I think that 'just not caring' about just about anything about a person you are in a loving, emotionaly intensive, caring and healthy relationship with could indicate possible personality disorder indicators.


Could. Just like being impulsive, or sadistic, or dominant could be. But trying to draw personality disorders into the picture is just opening a big can of worms for no gain. Even if that were the case, it doesn't have to be an issue, as long as other things don't cause problems. I'm quite capable of ignoring things, but none of the professionals in the psychiatric field that I converse with on a regular basis, including the ones that treated my depression, with whom I have been very open, have indicated anything along the lines of a personality disorder, as a case in point.

Also, consider turning it on its head: even those people can hope to find a loved one they can share a mutually beneficial and emotionally satisfying relationship with.

quote:

For instance, you might feel a bit more skeptical if you switched the words... <snip> It indicates (or could) to me a couple of things... lack of real value of the person they 'own', and instead just a value in the service disassociatively provided to them by 'property',and/or a personality which has no concern for the feelings and well being of others... which in the extreme, points to antisocial disorder/sociopathic tendencies.


There is a huge difference between not caring and not being capable of caring, regardless of how you switch the words around. The former can be for any number of reasons, few of which involve anything along the lines of personality disorders, while the latter certainly is indicative of certain disorders.

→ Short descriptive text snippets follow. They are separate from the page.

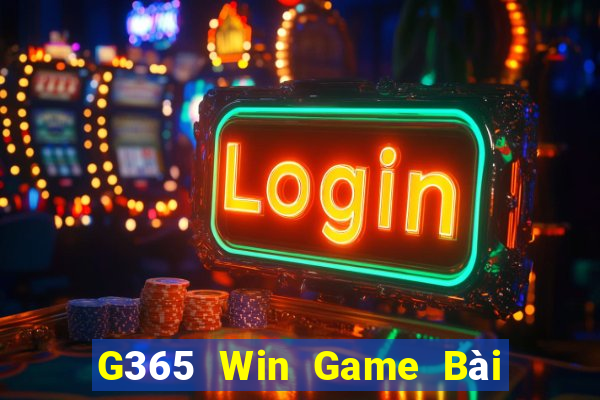 G365 Win Game Bài Las Vegas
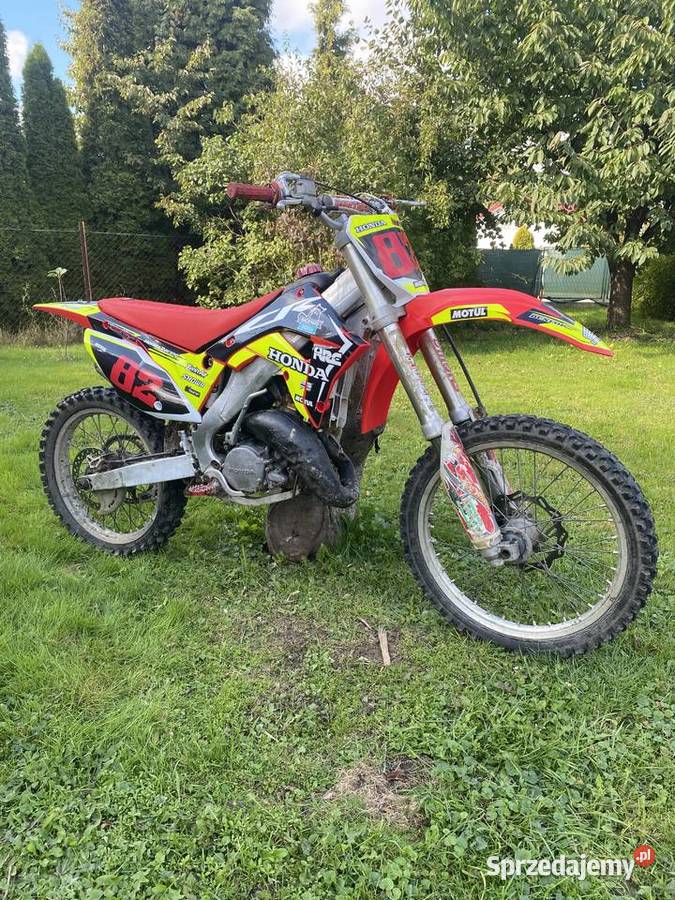 Honda Cr 125 03r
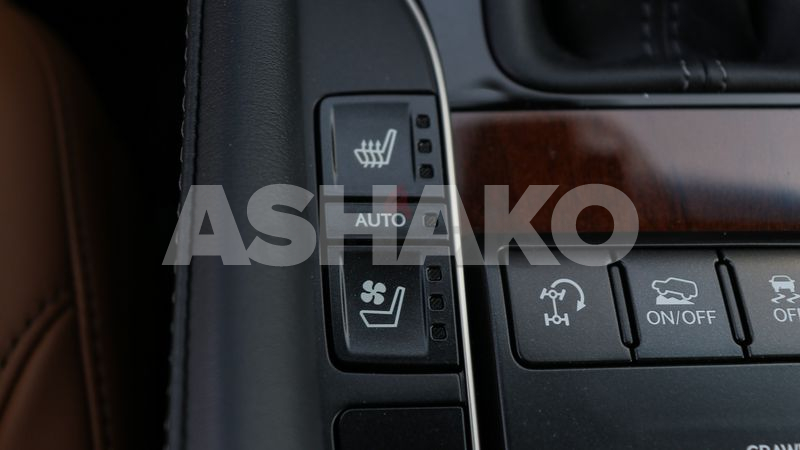 Brand New Lexus Lx 570 -Black Edetion - 2021 10 Image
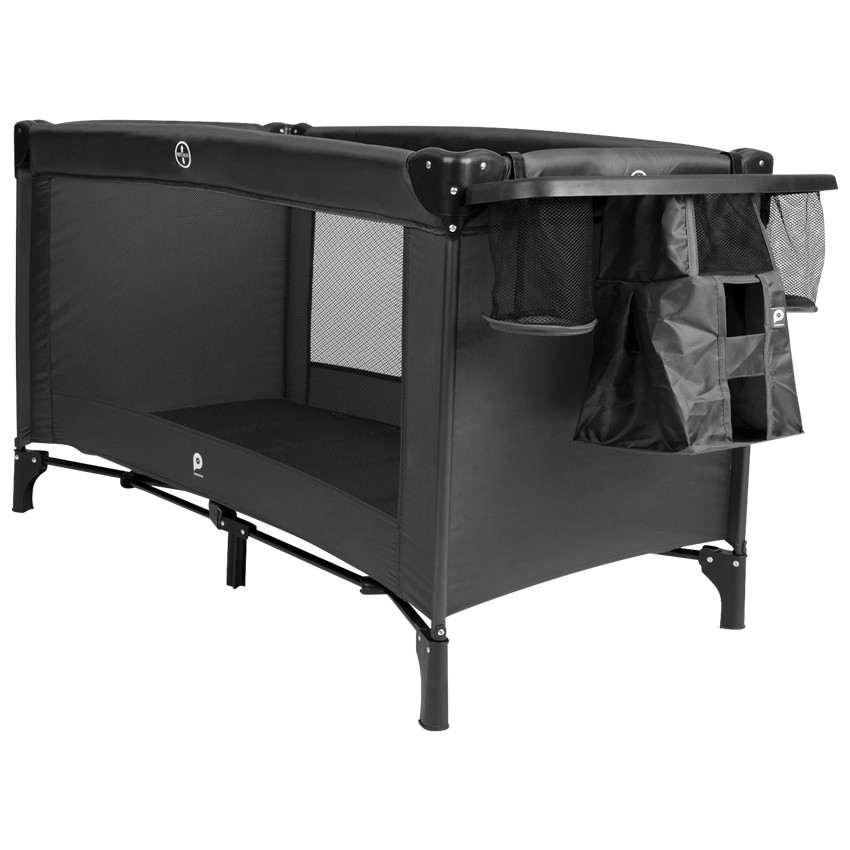 Organizador para cama plegable 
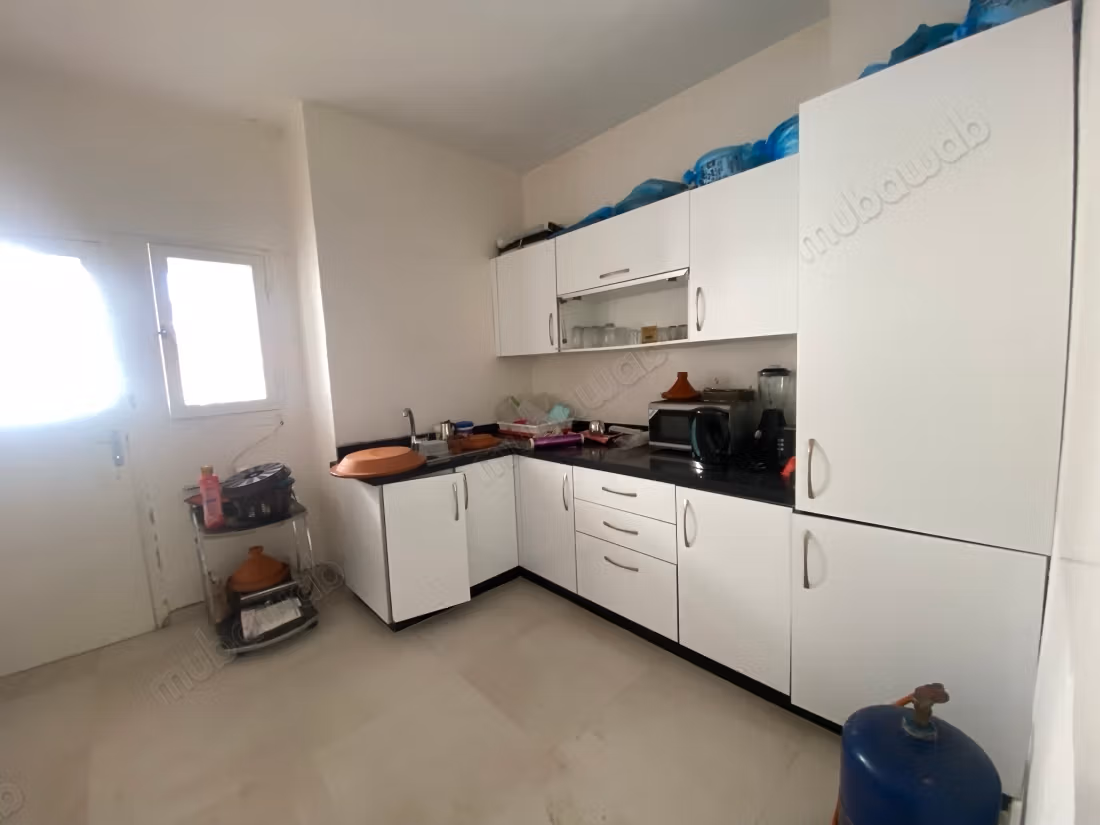 Venta de un bonito apartamento en Agdal. Superficie 113 m². Terraza y ascensor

Although, even a sociopath, provided s/he isn't homicidal, would see value in the other person, although in a self-centric way; just like a child (you know, the sociopaths we call 'innocent' because we are convinced they will grow out of it) will value a cherished toy and take as good care of it as they can. I wouldn't recommend getting involved with one, though, unless you have some seriously good qualifications upon which to evaluate them and base your decision, and preferably a work-up of your own.

For some people, on both sides of the table, dissociating the person from their "function" can be a great turn-on. We call this "objectification" in some contexts; usually, I see the word used to apply to using people as inanimate objects, although I'm certain that's just because this happens to be the expression of it that people are most familiar with.

There is a difference between this subject/object or subject/verb dissociation in whether it is situational, session-oriented or applies to the whole relationship, but I've seen people examples in all these categories, again on both sides of the table, and I don't think it's a good idea to consider this an invalid desire/need.

I think we'd be on pretty thin ice if we were to generalize any of these traits into being signs of antisocial personality disorder, and doing it on a forum where many people have these traits might not be the most constructive way to go about the debate.

quote:

If the two people are symbiotic and happy... more power to the couple, I suppose, but there is something in my own personal understanding of a beautiful and healthy relationship, of any sort, in which both partners nurture and bring out the best and most healthy aspects of their humanity.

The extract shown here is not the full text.